By IANS
Kabul/New Delhi: The killing of Mullah Dadullah, Taliban chief Mullah Omar’s long-serving chief strategist and army commander, if true, is a major gain scored in the ongoing international campaign against terrorism in Afghanistan.
It indicates that the military campaign by the Karzai government in Kabul and NATO-led International Security Assistance Force (ISAF), involving an estimated 20,000 Western soldiers, is beginning to bear fruit.
The element of doubt persists about Dadullah being killed, claimed by an officer of the National Directorate of Security on Sunday, because Dadullah had been reported killed and captured in the past as well.
Almost a year ago, quoting Afghan government sources, the BBC reported on May 19, 2006, that the Western forces in Afghanistan had captured Dadullah in the Kandahar area. There was no official confirmation and the Taliban later denied the claim. Dadullah was free and remained in charge of the operations.
The 39-year-old Mulla Dadullah is a Pakistani national belonging to the Kakar tribe of Balochistan. A product of one of the Islamic seminaries of Balochistan, he joined one of the Afghan Mujahideen groups as a teenager in the 1980s and distinguished himself in the jihad against the Soviet troops, despite losing a leg.
Dadullah has had a long record of association with the Pakistan Army. His is the same tribe to which Gen. Abdul Waheed Kakar, who was the army chief during the second tenure of Benazir Bhutto as the prime minister (1993-96) belonged.
His role goes back to the formation of the Taliban militia in 1994. When Mulla Omar formed it at the instance of Maj. Gen. Naserullah Babar, Bhutto’s interior minister, to escort the cotton convoys of her husband Asif Zardari, from Turkmenistan to Pakistan through the Herat area of Afghanistan, Dadullah joined it. Eventually, he rose to be its Chief Military Commander.

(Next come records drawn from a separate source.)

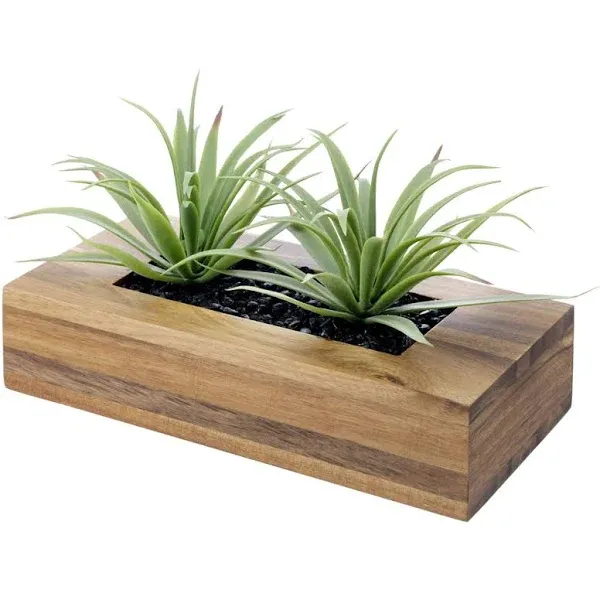 10 inch Artificial Green Grass Plants in Acacia Wood Decorative Planter Pot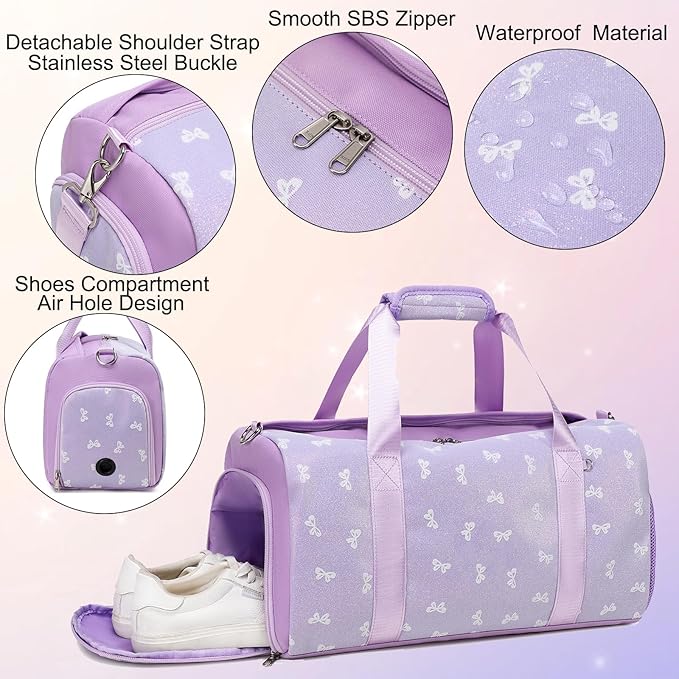 Dance Dag for Girl Travel Bag Glitter Bow Sports Duffle Dag Gym Bag Ballet Bag with Shoes Compartment & Wet Separation Waterproof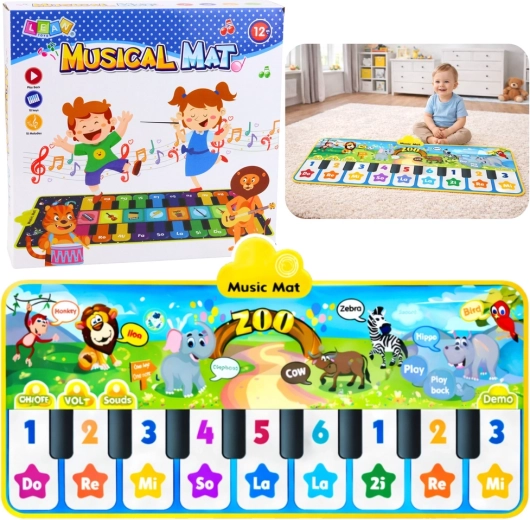 Tappetino musicale interattivo zoo – pianolino per bambini, 10 tasti e 10 melodie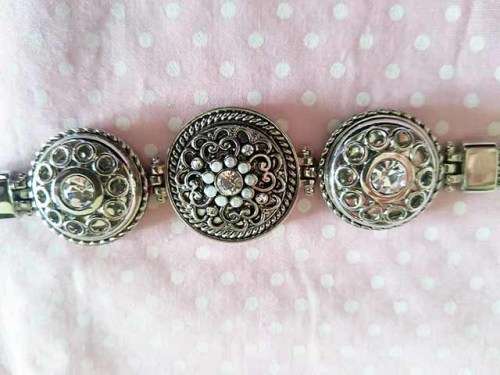 Riza Bracelet, Nickel With Clear Rhinestones, Toggle Clasp, 21cm With Extender, 1pc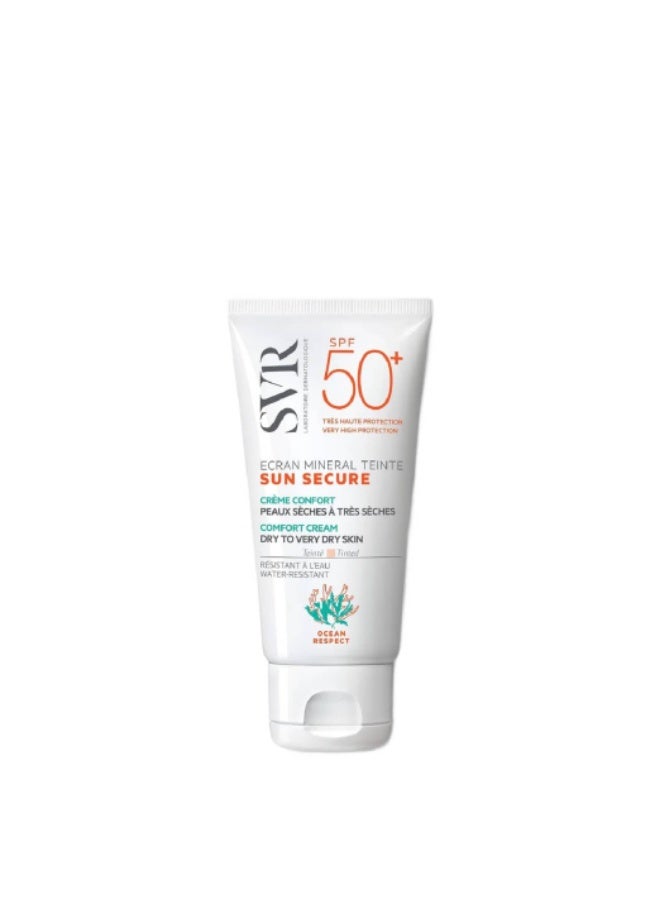 اس في أر كريم SVR Sun Secure Mineral Tinted Cream SPF50+ للبشرة الجافة 50 مل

He held this post when the US military struck against the Taliban and Al Qaeda on Oct 7, 2001. Ousted from power in Kabul, Dadulah and Mulla Omar crossed over to Balochistan and took shelter with the Kakar tribe.
In 2003, when Mulla Omar reconstituted the militia, Dadullah was again appointed its head. Noted Indian strategic expert B. Raman believes that this was because Dadullah had continued to enjoy the confidence of Pakistan’s Inter Services Intelligence (ISI).
The new Taliban army was trained by the ISI and started operating in the Pashtun majority areas of Southern and Eastern Afghanistan from sanctuaries in Balochistan and in the Waziristan area of the Federally-Administered Tribal Areas (FATA), Raman says.
Within a short period, Dadullah raised not only a well-motivated army, that security experts call “neo-Taliban”, but also constituted a suicide squad of Afghan and Pakistani nationals for undertaking suicide missions against the Afghan army and the Western forces.
The total strength of the Neo Taliban army raised by him with the help of the ISI is estimated by Western sources as about 5,000, but Dadullah has claimed a strength of 20,000.
Dadullah repeatedly denied any Pakistani role in the activities of the Neo Taliban, but claimed close links with Al Qaida. He despised the Musharraf regime for having “betrayed” the Taliban cause and having joined the “non-Muslim” Americans.
In December 2005 a Pakistani court sentenced him to life in prison for trying to kill conservative Islamic politician Maulana Mohammad Khan Sherani in 2004. Sherani escaped unhurt, Pakistani journal ‘Newsline’ said in its October 2003 issue.
However, Dadullah, highly respected among the Kakar tribals, continued to move around Balochistan, recruiting local youths and the Afghan refugees in camps in and around Quetta, for his militia that are involved in the current operations in Afghanistan.